Skipping the images, transcribe each record below as it is.

━━━ Record set ━━━

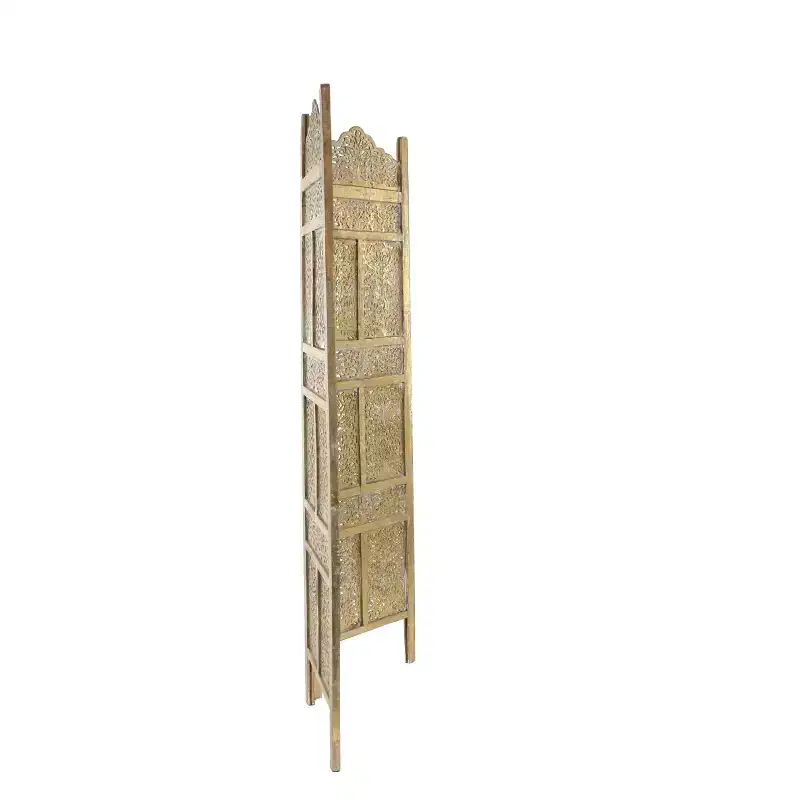 Traditional Intricate Carved Room Divider Screen Gold - Olivia & May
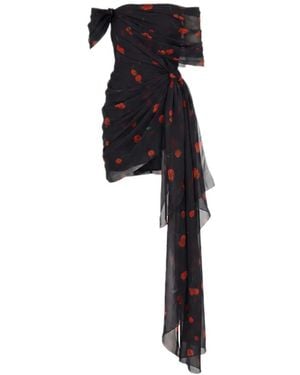 Monse Cherry-Print Mini Dress - Black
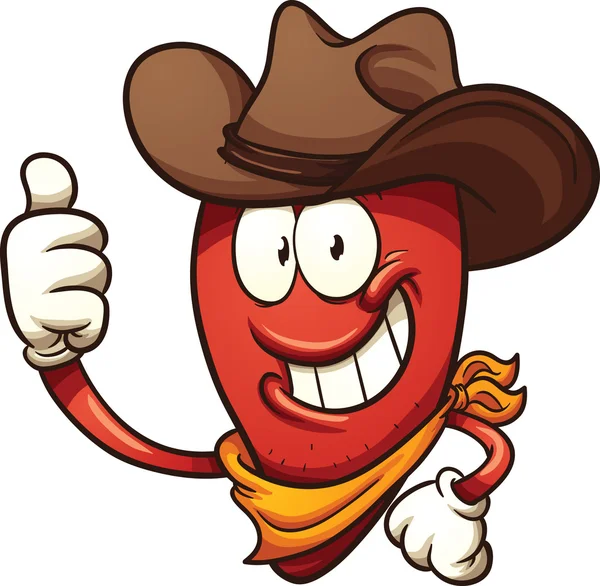 Cowboy chili pepper — Stock Vector
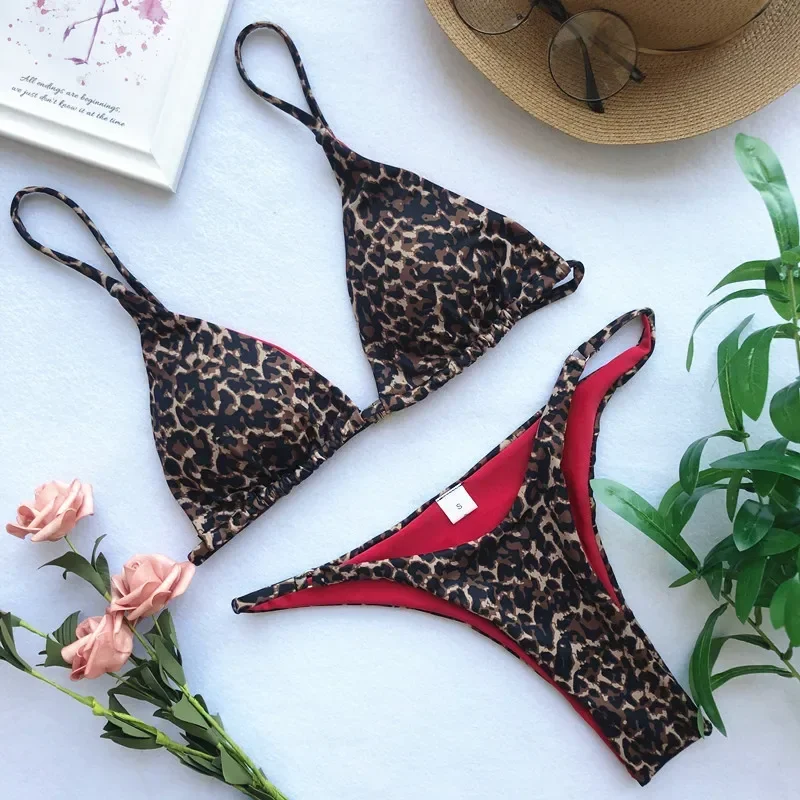 

Micro Leopard Print Triangle Bikinis Set Swimwear Mini Thong Swimsuit Women Sexy High Cut Bathing Suit Biquini Bikini 2024 Mujer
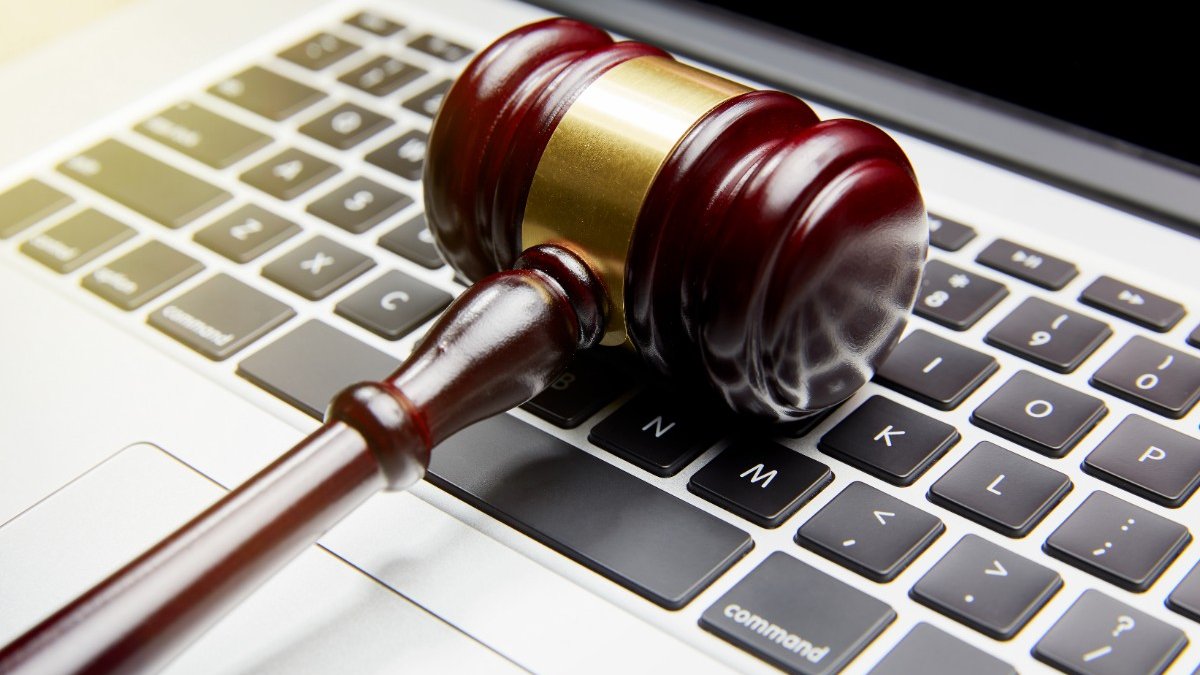 Gavel on a laptop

━━━

* _The completed task_
 Traditional Intricate Carved Room Divider Screen Gold - Olivia & May
 Monse Cherry-Print Mini Dress - Black
 Cowboy chili pepper — Stock Vector

Micro Leopard Print Triangle Bikinis Set Swimwear Mini Thong Swimsuit Women Sexy High Cut Bathing Suit Biquini Bikini 2024 Mujer
 Gavel on a laptop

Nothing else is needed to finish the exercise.